Ein Bericht von Maike Brzoska

Die Organisation «urgewald» kämpft dafür, dass die Finanzindustrie ihr Geld aus Fossilprojekten weltweit abzieht. Ihre stärkste Waffe dabei: Informationen.

Die Bäreninsel ist ein einzigartiges Ökosystem in der norwegischen Barentssee. Sie liegt auf halbem Weg von Spitzbergen zum Nordkap. Die Südspitze der Insel besteht aus kargen Felsen und steilen Klippen – eine ideale Brutstätte für Vögel. Zum Beispiel für Trottellummen, die ein wenig aussehen wie Pinguine, aber zu den Alkenvögeln gehören. Die Herkunft ihres Namens ist nicht ganz klar, aber manche meinen, dass er ganz gut zu ihrem tollpatschig wirkenden Watschelgang passt. Dafür sind Trottellummen hervorragende Taucher. Wie Pinguine nutzen sie ihre Flügel zum Schwimmen und Navigieren unter Wasser. Für die Brut und Aufzucht ihres Nachwuchses kommen sie auf die Bäreninsel. Genauso wie unzählige Eissturmvögel, Dreizehenmöwen und Krabbentaucher. Die Vogelkolonien, die hier brüten, gehören zu den größten weltweit. Refugien wie die Bäreninsel gibt es nicht mehr viele auf der Welt. Seit 2002 steht die Insel unter Naturschutz.

Dennoch ist das Ökosystem bedroht, wie die NGO «urgewald» zeigt. «Öl- und Gasfirmen rücken immer näher an die Bäreninsel heran», sagt Signe Moe, Mitarbeiterin bei urgewald. Denn 185 Kilometer südöstlich der Insel bereiten Unternehmen wie «Equinor» und «Lundin Energy» mit «Wisting» ein neues Ölprojekt vor. Ab 2028 sollen dort Öl und Gas gefördert werden. 185 Kilometer – das klingt erst mal weit entfernt, aber Wind und Wellen verteilen Chemikalien großflächig. Die giftigen Stoffe reichern sich in den Fischen an – die Hauptnahrung der Vögel. Neben der Verschmutzung befeuert Wisting auch den Klimawandel. Denn bei der Förderung entweicht auf den Ölfeldern auch überschüssiges Erdgas, das die Unternehmen einfach abfackeln. Der dadurch entstehende Ruß färbt das umliegende Eis schwarz, wodurch es schneller schmilzt. Ohnehin erwärmt sich die Arktis laut dem Weltklimarat IPCC doppelt so schnell wie der Rest der Erde.

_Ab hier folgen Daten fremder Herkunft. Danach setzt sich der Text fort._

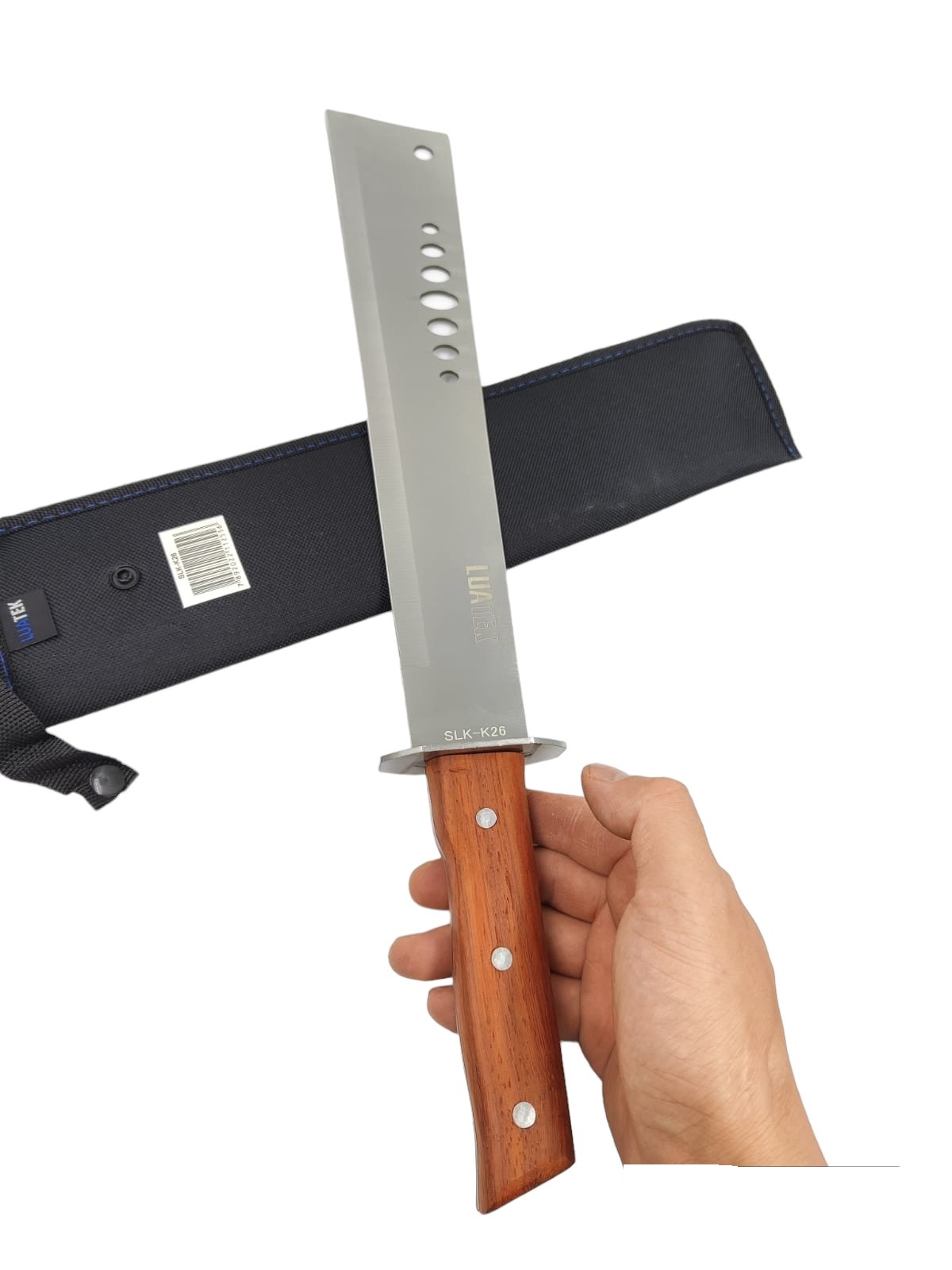 Facão Tatico Militar Aço Inox Afiado Cabo Madeira Com Bainha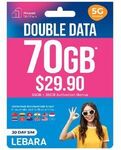 Lebara 30-Day Prepaid Starter SIM 70GB $10 (Was $29.90) @ Officeworks & Woolworths (in-Store Only)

Schroffe Felsen erheben sich aus dem Meer. Auf den Felsen sitzen Vögel.
Die Bäreninsel in der norwegischen Barentssee ist ein einzigartiges Paradies für Seevögel. Foto: Galaxiid / Alamy Stock
Endlose schroffe Felsen, auf denen Unmengen von pinguinartigen Vögeln sitzen und umherfliegen.
Auf den steilen Klippen brüten jedes Jahr zigtausend Trottellummen und andere Vögel einträchtig nebeneinander. Foto: robertharding / Alamy Stock

Die Verantwortlichen ausfindig machen

Normalerweise würde man von dem Eiland aus der norwegischen Barentssee nicht viel mitbekommen. Dass die Informationen über die drohenden Umweltrisiken verfügbar sind, liegt an urgewald. Die NGO aus dem Münsterland hat sie gemeinsam mit internationalen Partner-NGOs für ihre Datenbank «Gogel» zusammengetragen. Die Gogel steht für «Global Oil & Gas Exit List», eine Liste, die urgewald Anfang November 2021 veröffentlichte und auf der Weltklimakonferenz in Glasgow präsentierte. Diese führt knapp 900 Unternehmen auf, die im Geschäft mit Öl und Gas tätig sind – nach Recherchen von urgewald sind das etwa 95 Prozent der weltweiten Gas- und Ölproduktion.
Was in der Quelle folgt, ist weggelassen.